Sobre o tema, Fredie DIDIER JR ressalta que “a responsabilidade patrimonial (ou responsabilidade executiva) seria, segundo doutrina maciça, o estado de sujeição do patrimônio do devedor, ou de terceiros responsáveis (cf. art. 592, CPC/73), às providências executivas voltadas à satisfação da prestação devida. Seria a sujeição potencial e genérica de seu patrimônio. Haveria a possibilidade de sujeição de todos os seus bens (dentro dos limites da lei), não sujeição específica de um deles” [5]. Humberto THEODORO JUNIOR, por sua vez, nos ensina que “deve-se compreender a responsabilidade patrimonial como a sujeição à execução de todos os bens que se encontrem no patrimônio do devedor no momento em que se pratica a ação executiva, sem se preocupar com a época em que foram adquiridos”[6].
No mais, fazendo referência à Enrico Tullio LIEBMAN, Yussef Said CAHALI conclui ressaltando que “o patrimônio do devedor representa para o credor a garantia de poder conseguir, em caso de inadimplemento, satisfação coativa pelos meios executivos”[7].
Portanto, perante a Justiça brasileira, em especial, a Justiça do Trabalho, responde o devedor com seu próprio patrimônio pelas dívidas por ele contraídas ou pelas quais possa ser responsabilizado pessoalmente, nos termos da legislação vigente.
Humberto THEODORO JUNIOR até mesmo ressalta que “um dos atributos do direito de propriedade é o poder de disposição assegurado ao titular do domínio. Mas, o patrimônio do devedor é a garantia geral dos seus credores; e, por isso, a disponibilidade só pode ser exercitada até onde não lese a segurança dos credores”[8].

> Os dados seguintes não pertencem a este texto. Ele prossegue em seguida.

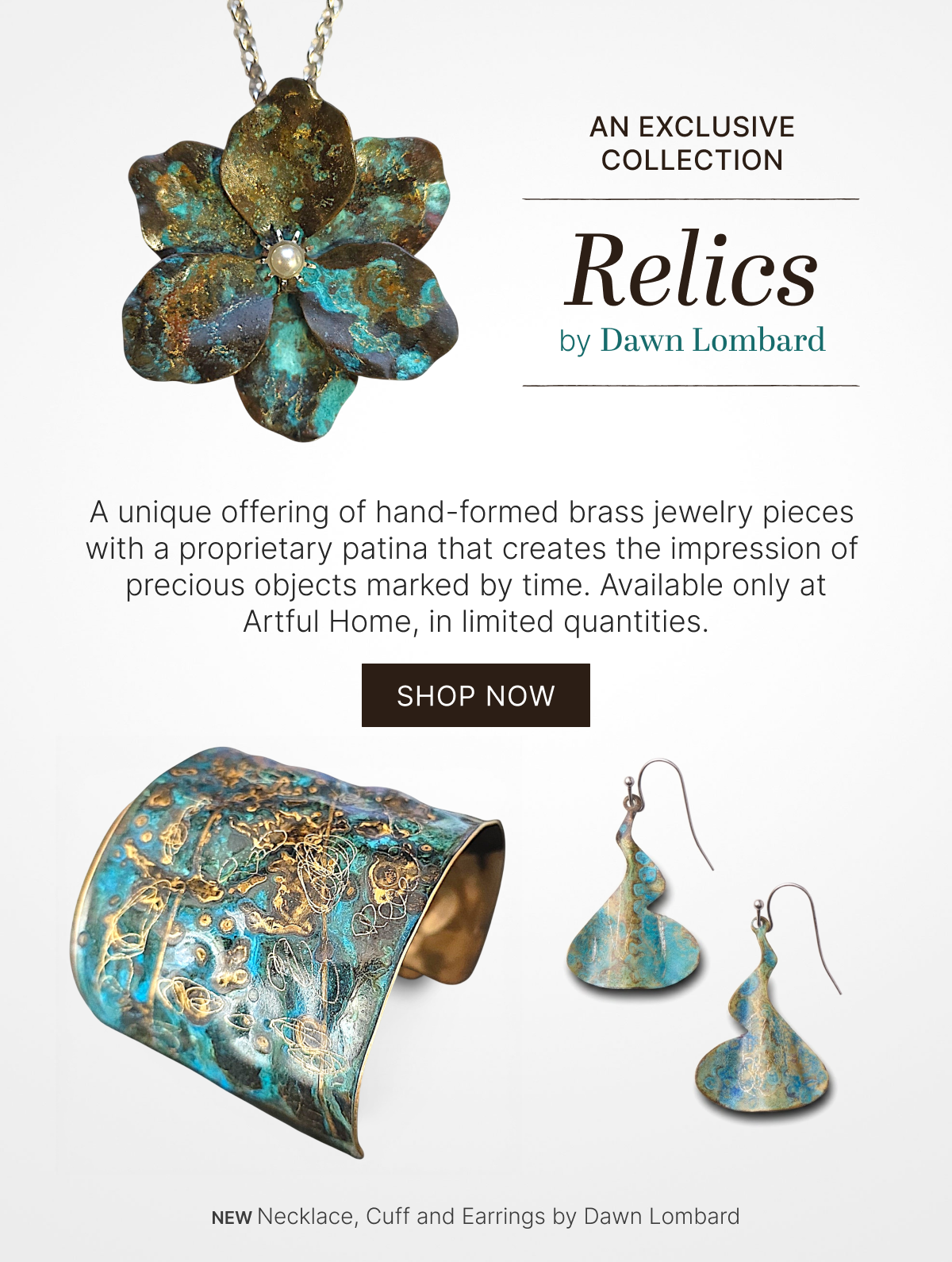 shop relics collection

Por conta disto, qualquer tentativa de esvaziamento patrimonial com intuito de frustrar execuções ou prejudicar credores já existentes no momento do negócio jurídico danoso poderá ser declarada como fraude à execução ou fraude contra credores, desde preenchidos os requisitos legais estabelecidos nos artigos 792 e seguintes do CPC/15 e 158 e seguintes do Código Civil – CC, consoante abaixo restará demonstrado.
3. Fraude à Execução
Inexistindo previsão legal específica com relação ao instituto da fraude à execução na legislação trabalhista, considerando que a disposição legal se encontra em consonância com os princípios da Justiça obreira, é pacífico o entendimento doutrinário e jurisprudencial no sentido de que se aplicam também ao Processo do Trabalho o disposto nos artigos 792 e seguintes do CPC.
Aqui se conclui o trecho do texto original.